Experts see multiple issues
Industry experts following the developments around the ACO concept see a number of challenges, some of which they say leaders of provider organizations may not yet even have fully considered. “The disappointing thing about the ACO rules in the proposal stage is they have created a whole new set of quality reporting requirements for health delivery organizations, and this is on top of all the reporting requirements they currently have and all the new quality reporting requirements from the new HITECH/meaningful use incentive program,” says Jordan Battani, a principal research in the Waltham, Mass.-based Emerging Practices Group, a division of the Falls Church, Va.-based CSC. “There doesn’t seem to be much cross-fertilization in all these federal programs and interests in quality, and it reads a little like a pile-on,” she adds. “It would be great if all these could be coordinated into a master set of quality indicators. At initiation, it’s going to prove to be just an incredible challenge for everybody.”
Meanwhile, patient care organization leaders need to think very carefully and thoroughly about the change management aspects underlying ACO development work, says Ron Wince, president and CEO of the Mesa, Ariz.-based Guidon Performance Solutions, a consulting firm specializing in operations management and technology consulting.
“Those organizations at the higher end of maturity on the curve in terms of understanding processes will be able to benefit that,” Wince says. “It starts with the ability to actually measure quality,” he notes. Organizations that can already do so “will be a step ahead. I always go back to the core questions of how versus what. And I think the organizations that are further along on the ‘how’ piece will be more successful on this journey.” So, for example, being able to successfully map processes such as delivery of care for coronary artery bypass graft (CABG) surgery, and to be able to use formal performance improvement methodologies to improve care quality, service quality, and efficiency around such common procedures, will be essential to success in this new environment, he says.

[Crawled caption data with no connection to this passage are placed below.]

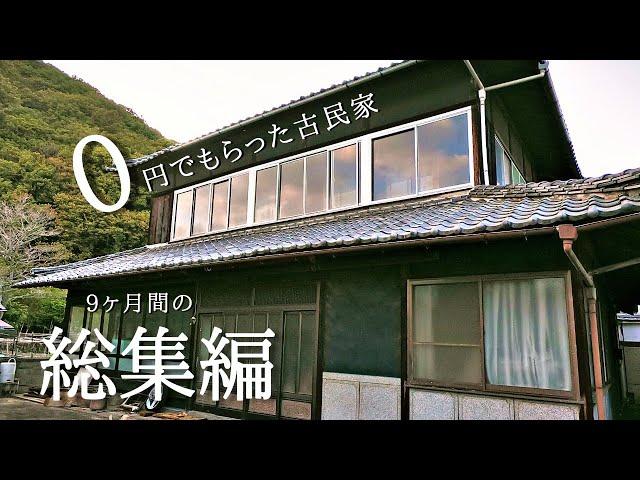 古民家リノベーション総集編。島に移住後、0円でもらった家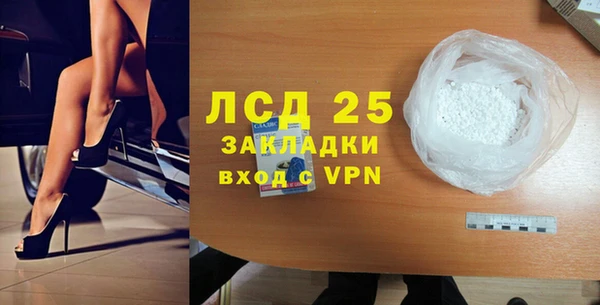 метамфетамин Слюдянка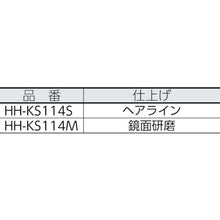 Load image into Gallery viewer, Recessed Pull  100-010-584  SUGATSUNE
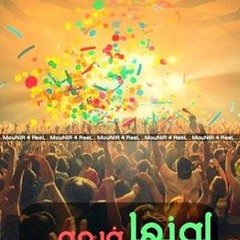 محمد منير غربه_في عنيكي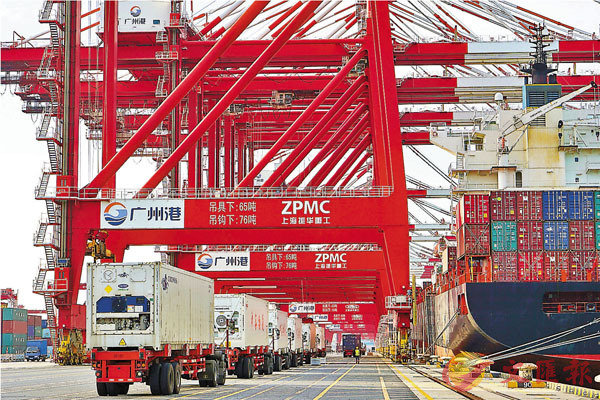 ���u�v�g�١v�U�U���p�a�q���X�f�q���z���A���֥��~�ɯɦR�Ѥ��~�����ܦ�B�f�d�u�@�d���D�v�C�Ϭ��s�{�n�F��C �s�{�����ѹ�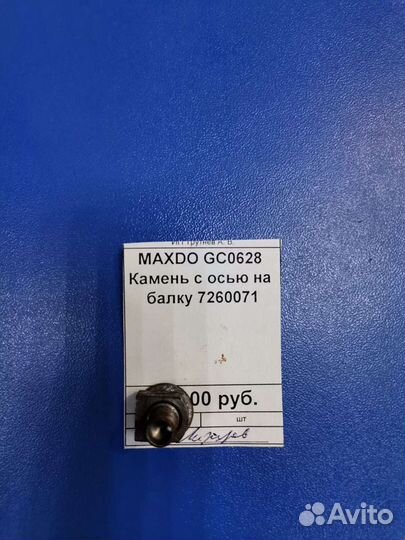 Maxdo GC0628 Камень с осью на балку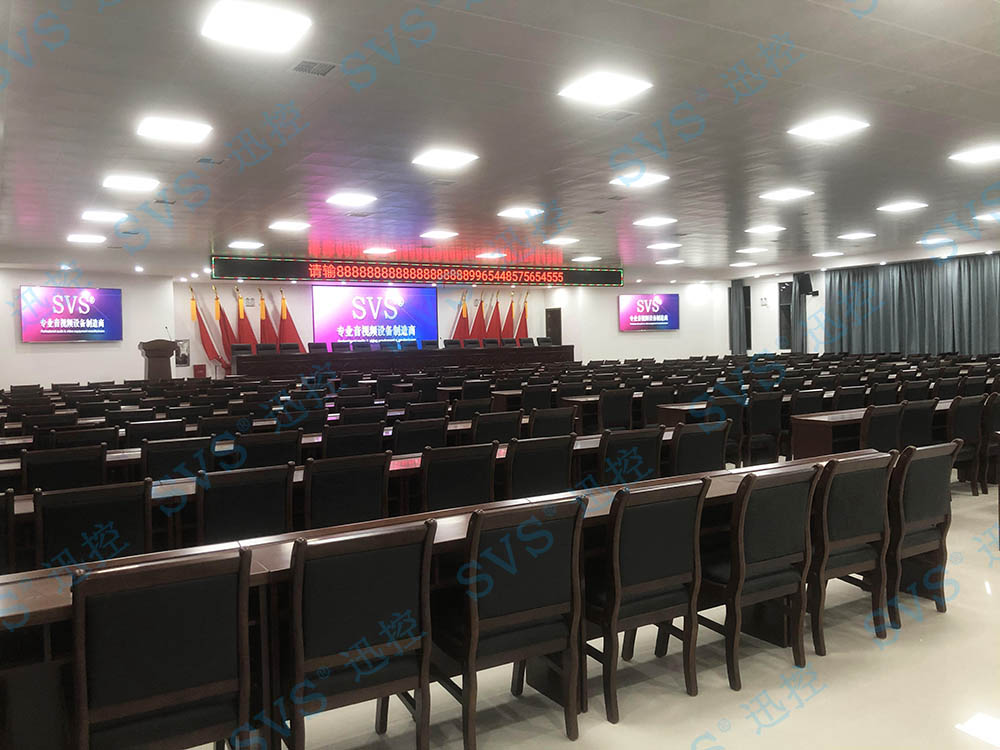 無紙化會議軟件_多媒體智能會議系統(tǒng)方案 無紙化會議軟件_多媒體智能會議系統(tǒng)方案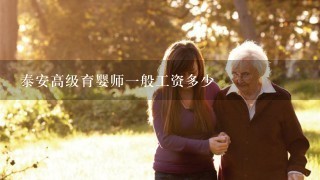 泰安高级育婴师一般工资多少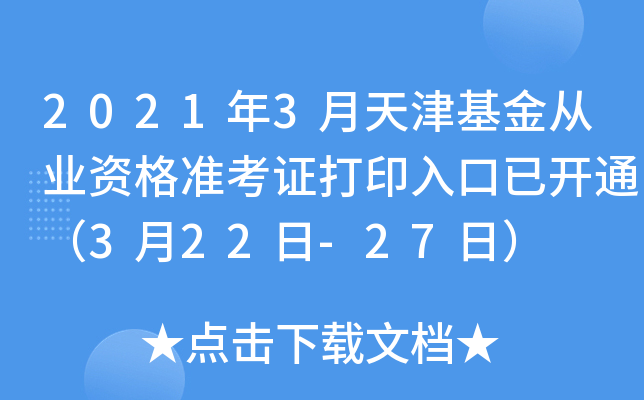 2021年3月天津基金从业资格准考证打印入口已开通（3月22日-27日）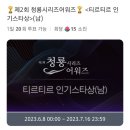 🏆청룡시리즈어워즈🏆 인기스타상 후보 배우 박지훈 투표오픈🔥 매일어플투표🌟 이미지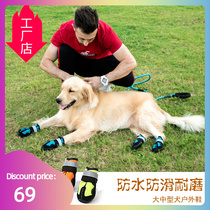 Pet Dog Shoes Waterproof Boots Small Medium Large Dog Shoes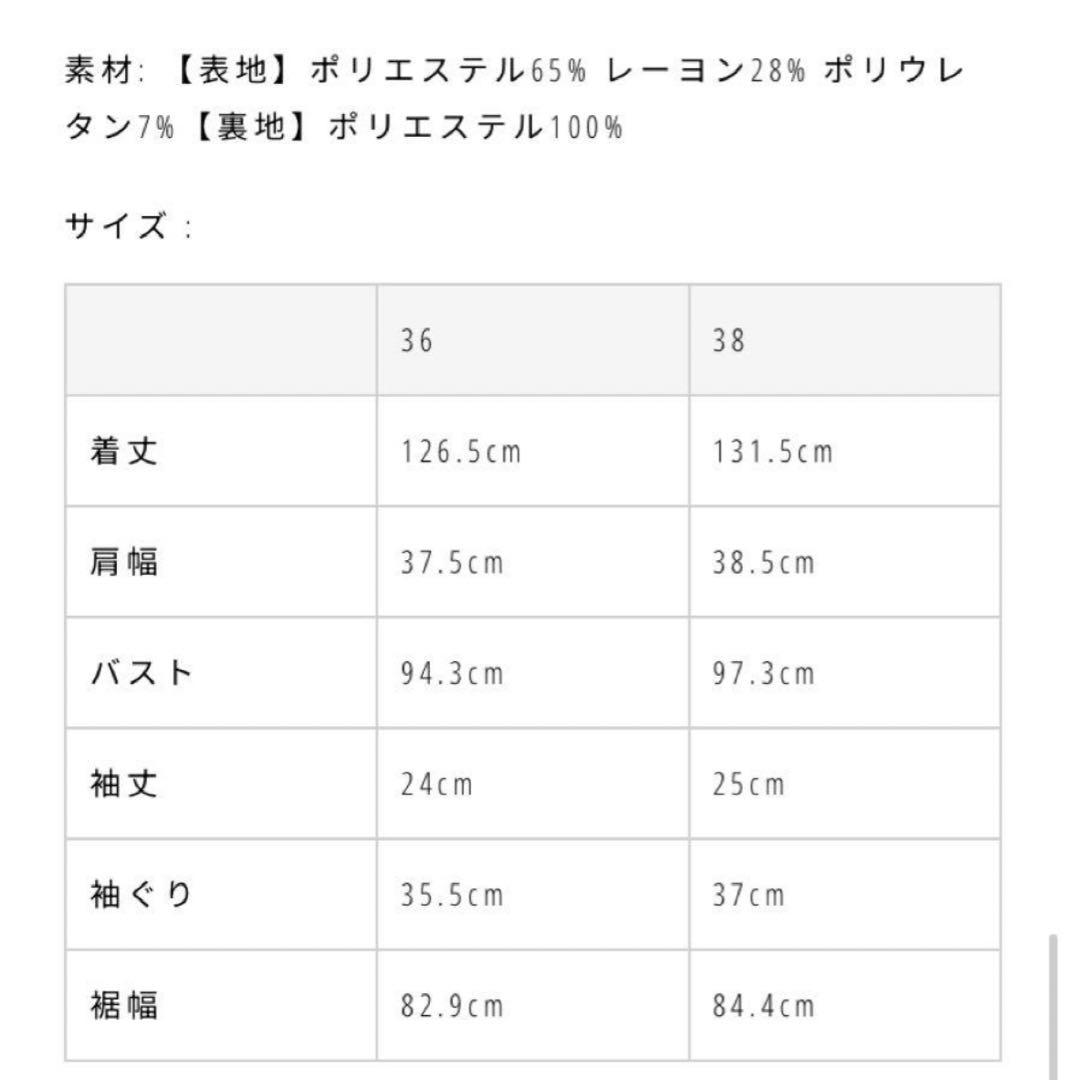 Halfsleeve Tuck Dress トゥデイフル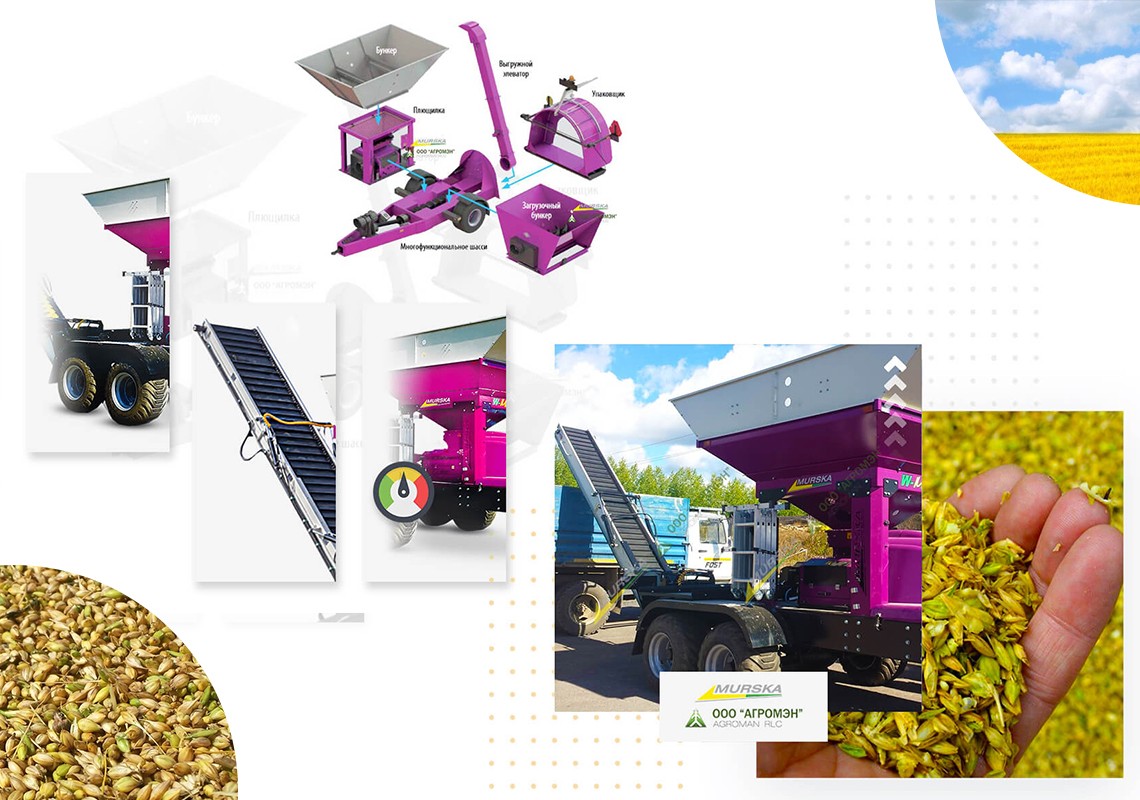 Сельскохозяйственное финское оборудование Мурска для производства кормов из зерновых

Wince urges CIOs to “go back and revisit your IT governance and strategy: how are you going to run IT in a very fast-paced landscape? Having an EMR will be table stakes just to get into the game,” he insists. “Second, you need to look at your technology portfolio and try to simplify it as best as you can, and to focus in on what your most capable technologies are.” Above all, he says, “Don’t chase shiny objects”—meaning, focus on what technologies can do, not simply on adding technologies for the sake of doing so.
UPMC’s Dailey says she and her colleagues are very aware of the major challenges their already advanced organization faces going forward. “The integration of all of our applications, how we make sure we have the right patient everywhere and that patient is known in our system, is a challenge; and making sure that the technology that the end-users are using is up and running,” will also be important, she adds. “Our service and our consistency and reliability of the technology must be as near to 100 percent as possible,” she notes, adding that the interfacing of different information systems will be another key to success going forward.